The three-day Federation Cup swimming meet was a success despite the Shyama Prasad Aquatic complex being far from ready. The flawed diving tower, from which the lift was, shockingly, removed after being in use since 1982, is threatening to be a big source of embarrassment once the leading divers from the Commonwealth nations arrive in the last week of September.

The small and incomplete change-rooms for the swimmers, the inadequate number of showers and the falling of the false ceiling over the warm-up pool have all added to the worries of the Swimming Federation of India officials.

The FINA (international swimming federation) delegate, Sam Ramsamy, minced no words in condemning the sub-standard facilities at the venue. He later met the Organising Committee Chairman, Suresh Kalmadi, and apprised him of the grave shortcomings he had noticed during the meet.
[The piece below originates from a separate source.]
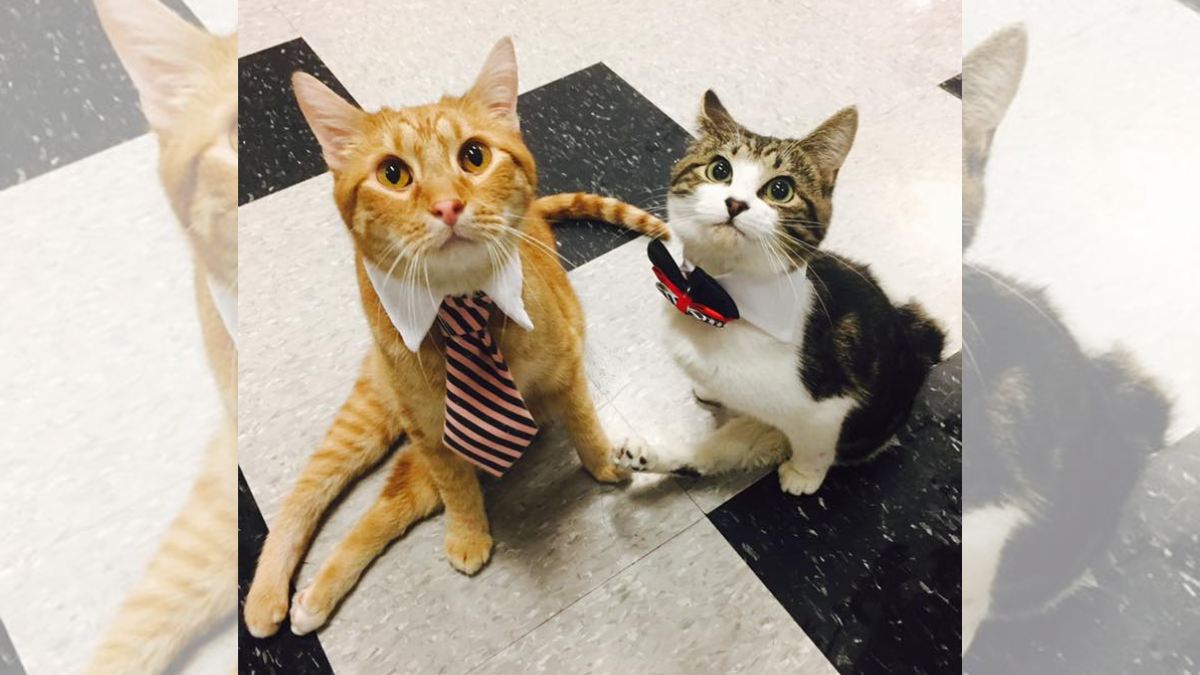 A ginger cat and a tabby wearing shirt collars and ties.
Though the R. K. Khanna tennis complex, which hosted the Asian Junior Championship, appeared fine, the floodlights used were inadequate and presented a poor picture on television during the live coverage. Curiously, most of the money seems to have been spent on the facility block that has about 50 rooms, which may not be used for the Commonwealth Games!
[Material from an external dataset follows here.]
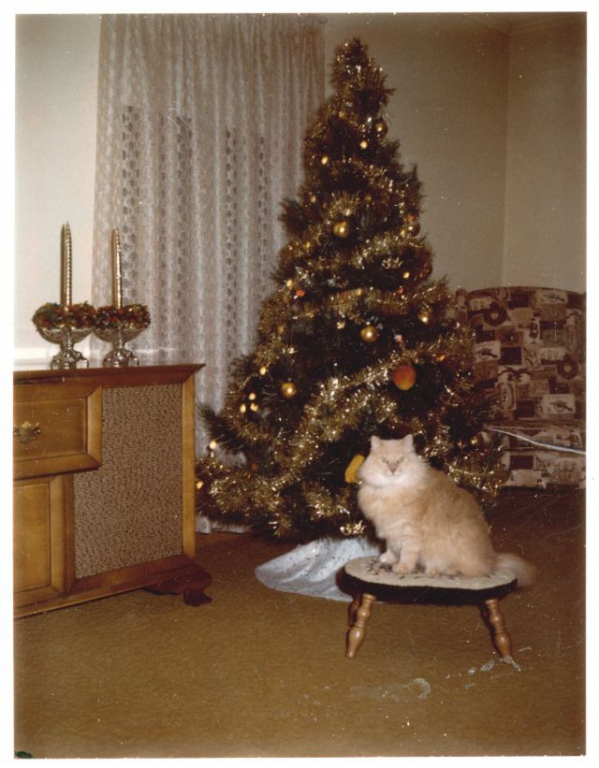 vintage-christmas-trees-5.jpg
Shoddy work…a section of the weightlifting stadium is water-logged following heavy rain.-PTI

The Tughlakabad Shooting Range, with hundreds of electronic targets, etc. seems to be ready for the Games. But the basics like sufficient number of rest-rooms for shooters and easy access to them during competition are missing. The rain during the Commonwealth shooting championship, a ‘Test' event, led to a lot of water seepage on the walls, but luckily no leakage from the roofs.
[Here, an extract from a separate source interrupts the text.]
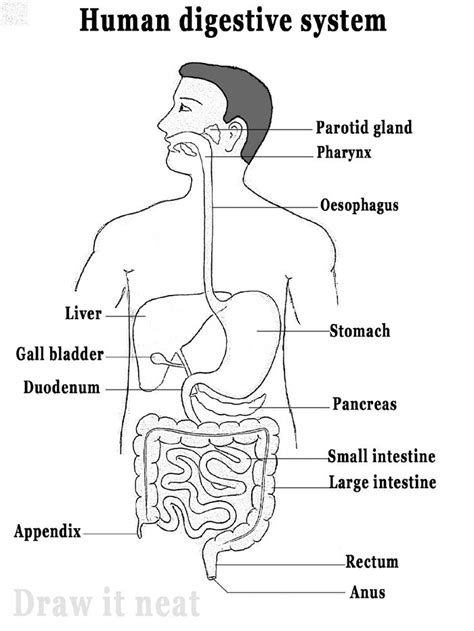 Diagram Of Digestive System Simple Digestive System Diagram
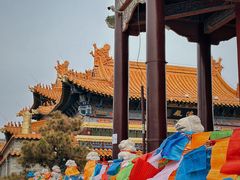 -大召无量寺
Had the construction been planned better, the pillars that hinder the view of the spectators and television cameras at the shotgun ranges could have been avoided. The huge steel pillars that support the roof that provides shade for the shooters are an absolute waste. Ranges around the world use a minimal, umbrella-like roof for saving the shooters from sun and rain. It also helps interruption-free viewing.

The Kadarpur range for full bore events that offer two gold medals is generally good.

The velodrome, the weightlifting hall and the boxing arena at the Talkatora Stadium were all examples of poor workmanship as rain water played havoc and drowned the tall claims of ‘world class' construction by the men in authority.

In fact, the roof of the newly-built weightlifting complex leaked profusely even on the day of the inauguration. Covers could be seen in several areas of the roof to prevent rain water from seeping in even as the Union Urban Development Minister S. Jaipal Reddy dedicated the venue to the nation.

The shoddy work was clearly seen in several areas, including the flooring of the main hall. The finishing was so awful that it looked like some temporary arrangement. Besides, the sheets used for flooring were peeling off in several places.

Workers fix the leaks on the roof of the weightlifting stadium.-V.V. KRISHNAN

The ‘Test' event for wrestling at the IG Stadium is best remembered for the high-handed manner in which the Delhi Police imposed its authority over one and all. What best sums up the unacceptable conduct of the men in uniform is the fact that the President of the world wrestling body Raphael Martinetti was denied access in spite of holding a valid accreditation.

Overall, the ‘Test' events threw up several warnings, some of them too obvious to be ignored. Surprisingly, one consistent factor throughout these ‘Test' events was the ill-equipped media tribunes at all the venues. If the National Stadium had a makeshift press box, the one at the Siri Fort Stadium was inadequate. It was worse at the Jawaharlal Nehru Stadium and the Shyama Prasad Mukherjee Aquatic centre, where the press box did not have tables.

Former sports journalist Stefan Thies, Head of the Media Operations for the Games and the man responsible for setting up the tribunes, explained: “We did not get these stadiums well ahead of the test events. But I assure you things will be in place for the Games.”